The really perceptive – usually habitual audiobook listeners – then ask, “How can you possibly keep all those characters straight? And the voices and accents and changing on the fly in the middle of dialogue?” I cite careful reading, preparation, annotation, total involvement in the story and any number of other conscientious-sounding practices.
What I really want to say is, “Easy. I’ve been doing it since I was 3.”
I don’t say that. It would come off as a little too flashy. But there’s a lot of truth in it. Like many kids, I played entire dramas in my head (and in the back yard), speaking and doing and emoting every character’s wants, whims, and wiles. War movies, Westerns, even musicals were part of the one-kid Repertory Theatre of Ridgefield Avenue.
This comes naturally to anyone lucky enough to have a parent who was willing, in the space of the 15 minutes before bedtime, to deepen his voice for the bears or squeak it up a bit for Goldilocks. My Dad didn’t even mind when I went all Little Scorsese on him and ordered an extra take of the broken chairs scene, this time with a bit more pathos. Let’s linger a bit and let Goldie’s angst – y’know – emerge organically…
Of course, wall-to-wall role-playing and seamless character-switching is part of the currency of single (and in some cases, even dual) audiobook narration, and it would be disrespectful to my colleagues to suggest that it’s an easy thing. It’s not – rather, it’s something that’s challenging, but that we can’t wait to tackle. To convincingly tell a story so that the listener never needs to think about who is talking, but can instead abandon himself to the story, is a major accomplishment. It feels good to get it right.
Sometimes that means distinctive voice characterizations and accents. More often, it involves subtlety and a commitment to consistency throughout the book. Vocal mannerisms matter almost more than the sound of the voice of a particular character. I’ll never forget my first Audio Publishers Association Conference, in which a famous narrator gave her first law of men acting women’s voices: “It’s not about pitch.” Keeping that in mind, I have pitched up some women’s voices when it seemed appropriate for the character, but never relied on pitch alone to convey the entire person. Conversely, I have pitched down quite a few women characters – their total personality made it come out that way. And it worked.

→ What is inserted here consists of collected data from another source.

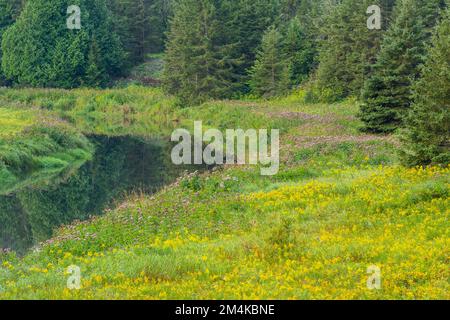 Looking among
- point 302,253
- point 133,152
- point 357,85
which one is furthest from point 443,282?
point 357,85

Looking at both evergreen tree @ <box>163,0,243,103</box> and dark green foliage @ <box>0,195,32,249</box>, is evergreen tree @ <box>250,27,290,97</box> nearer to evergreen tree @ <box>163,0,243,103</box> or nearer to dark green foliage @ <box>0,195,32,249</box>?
evergreen tree @ <box>163,0,243,103</box>

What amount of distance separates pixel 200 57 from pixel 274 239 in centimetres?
4706

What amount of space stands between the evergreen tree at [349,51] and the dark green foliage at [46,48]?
30.5 metres

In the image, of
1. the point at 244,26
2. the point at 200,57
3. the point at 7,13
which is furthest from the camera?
the point at 7,13

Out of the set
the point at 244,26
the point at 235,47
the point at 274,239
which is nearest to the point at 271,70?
the point at 235,47

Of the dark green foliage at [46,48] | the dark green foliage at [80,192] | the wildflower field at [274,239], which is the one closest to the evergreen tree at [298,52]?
the dark green foliage at [46,48]

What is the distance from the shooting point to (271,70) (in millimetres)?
57531

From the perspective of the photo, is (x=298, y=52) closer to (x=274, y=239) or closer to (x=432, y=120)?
(x=432, y=120)

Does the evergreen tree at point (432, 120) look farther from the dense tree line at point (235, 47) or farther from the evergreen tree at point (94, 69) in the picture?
the evergreen tree at point (94, 69)

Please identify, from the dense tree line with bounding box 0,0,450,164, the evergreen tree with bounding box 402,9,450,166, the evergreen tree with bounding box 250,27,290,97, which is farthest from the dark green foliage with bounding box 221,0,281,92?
the evergreen tree with bounding box 402,9,450,166

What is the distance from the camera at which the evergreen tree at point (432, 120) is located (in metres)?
20.0

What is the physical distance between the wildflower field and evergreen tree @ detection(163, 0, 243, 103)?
Result: 102 ft

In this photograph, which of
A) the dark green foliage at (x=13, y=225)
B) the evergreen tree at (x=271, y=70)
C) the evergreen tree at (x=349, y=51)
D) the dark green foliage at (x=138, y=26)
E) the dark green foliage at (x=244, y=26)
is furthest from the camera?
the dark green foliage at (x=138, y=26)

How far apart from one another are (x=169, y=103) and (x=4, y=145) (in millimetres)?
27819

But the chief reason I (and so many of my colleagues) have been able to accomplish this key task of storytelling is that I’ve had good mentors, and I have followed their advice. The keystone of preparing any book, for me, has been to cast each character in my mind as a specific person. Johnny Heller, narrator of more than 700 books and my first teacher (whose advice I still seek whenever I can), espouses this approach. Every character, whether she has two lines or 2,000, is associated in my mind with a person I know or have seen, or perhaps a famous actor or other celebrity. It can be an old friend; it can be a person I saw on the subway. The character doesn’t necessarily behave exactly like his avatar. But thinking about that model for the character puts me in mind of one or more attributes that will automatically have me vocally interpreting the character -- sound, pace, accent, age, you name it – consistently with the author’s truth.

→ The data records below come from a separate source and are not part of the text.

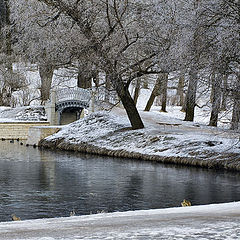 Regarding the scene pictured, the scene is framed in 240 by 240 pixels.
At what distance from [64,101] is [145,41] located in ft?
34.8

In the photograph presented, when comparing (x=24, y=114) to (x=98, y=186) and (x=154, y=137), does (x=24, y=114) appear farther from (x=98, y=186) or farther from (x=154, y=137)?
(x=98, y=186)

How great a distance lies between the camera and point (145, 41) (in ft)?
76.6

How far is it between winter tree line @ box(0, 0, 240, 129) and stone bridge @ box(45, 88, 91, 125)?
2.62 metres

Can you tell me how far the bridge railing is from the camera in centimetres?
3185

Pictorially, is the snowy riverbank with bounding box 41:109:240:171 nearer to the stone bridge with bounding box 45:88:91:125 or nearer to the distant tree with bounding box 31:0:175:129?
the distant tree with bounding box 31:0:175:129

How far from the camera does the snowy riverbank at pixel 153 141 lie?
19.0 metres

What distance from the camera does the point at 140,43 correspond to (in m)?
24.2

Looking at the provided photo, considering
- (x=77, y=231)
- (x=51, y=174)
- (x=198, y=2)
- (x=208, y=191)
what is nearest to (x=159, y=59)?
(x=198, y=2)

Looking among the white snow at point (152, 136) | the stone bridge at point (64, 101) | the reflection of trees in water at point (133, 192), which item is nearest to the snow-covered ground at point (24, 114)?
the stone bridge at point (64, 101)

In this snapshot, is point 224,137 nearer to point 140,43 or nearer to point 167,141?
point 167,141

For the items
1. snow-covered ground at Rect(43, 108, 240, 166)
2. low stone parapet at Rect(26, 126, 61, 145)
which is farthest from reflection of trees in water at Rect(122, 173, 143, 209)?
low stone parapet at Rect(26, 126, 61, 145)

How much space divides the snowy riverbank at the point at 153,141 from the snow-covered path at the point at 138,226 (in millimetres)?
10580

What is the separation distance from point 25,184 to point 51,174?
2.45 metres

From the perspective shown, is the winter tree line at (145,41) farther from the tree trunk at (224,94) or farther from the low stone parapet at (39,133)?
the low stone parapet at (39,133)
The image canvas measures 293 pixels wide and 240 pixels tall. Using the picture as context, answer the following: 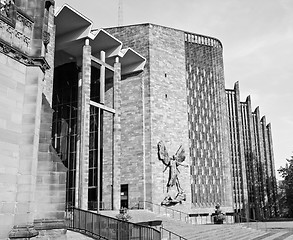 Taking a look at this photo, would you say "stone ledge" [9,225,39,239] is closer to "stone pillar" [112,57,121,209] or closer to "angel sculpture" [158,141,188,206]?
"stone pillar" [112,57,121,209]

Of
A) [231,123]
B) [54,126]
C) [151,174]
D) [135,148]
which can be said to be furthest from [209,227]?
[231,123]

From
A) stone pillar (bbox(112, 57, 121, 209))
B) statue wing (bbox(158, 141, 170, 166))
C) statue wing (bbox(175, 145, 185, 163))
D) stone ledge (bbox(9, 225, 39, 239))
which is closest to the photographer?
stone ledge (bbox(9, 225, 39, 239))

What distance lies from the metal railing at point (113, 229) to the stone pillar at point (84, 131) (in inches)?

For me, casting a book is the hardest part of preparation. And of course, it’s the most important. I always schedule extra time so I can get it right. When I do, narration – including managing whole gaggles of characters – is a huge pleasure.
My hope is that the listener enjoys it even more than I do. If they’re going to give me the opportunity to do something I have loved to do since I was a small child, I owe them that much.